What is encryption?
Encryption is a reversible message obfuscation technique which applies keys or mathematical models against a string of text. The key here is that, with the proper password or key, you can retrieve the original contents of the message.
Remember making up codes like “A=Z, B=Y, C=X” in school (this is a ROT13 Caesar Cipher by the way)?
That is encryption. Horrible encryption, since it is really easy to break, but it still counts.
What is Hashing?
Hashing is an irreversible message digest technique which applies mathematical models against a string of text. The same string of text will always generate the same output hash.
Let’s use MD5 because it’s old and people will comment on my blog if I mention it:
If I MD5 the word “hello”, I get the string “5D41402ABC4B2A76B9719D911017C592”
Go ahead, try it for yourself!
Every time you run a word through a hashing algorithm, it comes up with the same value. In theory, you can never “decrypt” a hash since the original information is no longer stored in it, just a representation of that data. This is the formats best selling point, and also it’s greatest weakness.
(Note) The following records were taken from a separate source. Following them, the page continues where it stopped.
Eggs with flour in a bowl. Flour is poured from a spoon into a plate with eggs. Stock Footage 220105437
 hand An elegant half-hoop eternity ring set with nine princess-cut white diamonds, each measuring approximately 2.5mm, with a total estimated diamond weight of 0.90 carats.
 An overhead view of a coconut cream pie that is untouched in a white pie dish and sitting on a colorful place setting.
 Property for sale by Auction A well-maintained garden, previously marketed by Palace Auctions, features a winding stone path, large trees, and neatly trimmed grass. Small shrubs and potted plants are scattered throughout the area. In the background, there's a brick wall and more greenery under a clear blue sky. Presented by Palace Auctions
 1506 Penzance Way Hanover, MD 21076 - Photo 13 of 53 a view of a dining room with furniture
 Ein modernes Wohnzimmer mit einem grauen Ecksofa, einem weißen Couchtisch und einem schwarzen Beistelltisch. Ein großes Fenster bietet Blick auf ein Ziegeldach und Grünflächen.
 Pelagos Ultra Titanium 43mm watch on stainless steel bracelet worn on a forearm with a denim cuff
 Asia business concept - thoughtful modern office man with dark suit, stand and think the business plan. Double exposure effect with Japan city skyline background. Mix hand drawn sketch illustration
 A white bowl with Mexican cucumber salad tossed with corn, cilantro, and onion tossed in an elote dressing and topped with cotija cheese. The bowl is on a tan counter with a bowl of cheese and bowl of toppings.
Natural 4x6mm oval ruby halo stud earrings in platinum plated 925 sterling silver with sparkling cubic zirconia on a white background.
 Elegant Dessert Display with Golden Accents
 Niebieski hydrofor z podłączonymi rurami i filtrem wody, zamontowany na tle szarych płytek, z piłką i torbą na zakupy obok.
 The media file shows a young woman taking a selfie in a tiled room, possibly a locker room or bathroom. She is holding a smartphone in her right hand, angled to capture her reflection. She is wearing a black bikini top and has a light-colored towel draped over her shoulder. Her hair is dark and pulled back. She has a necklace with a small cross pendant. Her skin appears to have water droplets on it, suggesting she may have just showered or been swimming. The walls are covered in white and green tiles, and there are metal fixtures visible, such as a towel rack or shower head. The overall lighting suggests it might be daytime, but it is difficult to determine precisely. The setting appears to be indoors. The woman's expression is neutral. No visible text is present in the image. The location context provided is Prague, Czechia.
Password hashes, if unsalted/unpeppered, are vulnerable to these issues right out the gate:
- Collisions, since we are using a limited amount of characters (in the case of MD5, 32 hex or 128-bits), it would be fundamentally impossible to ensure there is no collisions when hashed strings are both longer and shorter than 32 hexadecimal bytes.
- Precomputed hashing tables “Rainbow Tables” — With enough time or storage, it is trivial to generate an MD5 hash of every common password (these lists are very easy to get). It is easy to reverse MD5/SHA1/any improperly handled hash. One of the biggest threats to password hashing is evolution — it used to take a “long time” to generate an MD5 hash, now GPUs can spit them out at astonishing rates. When your password is leaked by a company improperly storing your passwords, this is usually the first step — reverse all of the hashes.
What is a salted or peppered hash?
Due to the risks of precomputed hash tables, programmers have to work around the users. People will still pick terrible passwords that rainbow tables will contain. For this reason, a properly salted password is one that contains a randomly generated string for each password on the site. This is important, as using the same salt is as good as using no salt. People will get an export of your database, and generate a new table specific for your application. Having a salt for each password drastically increases the time to successfully attack your userbase (this is where password expiration come into play).
A peppered hash is a bit more uncommon, but still has it’s place. This value is an additional salt that exists only in the software. These are generally common across all passwords or are generated from other repeatable values. The purpose is layers — if the database leaks, and the pepper didn’t, it will be harder to get a password.
What is a Password Hash?
Finally — the question the post was made to answer. A password hash is simply a representation of your password that is repeatable and difficult to recover for the owners of the system and for attackers.
When you create an account, your password is hashed, therefore the site has your password but stores it in a secure manner.
When you log into the site later on, your password is again hashed and that hashed value is compared to the one from the time you created your account. If there is a match, you’re logged in. If not, it is “Forgot my Password” time.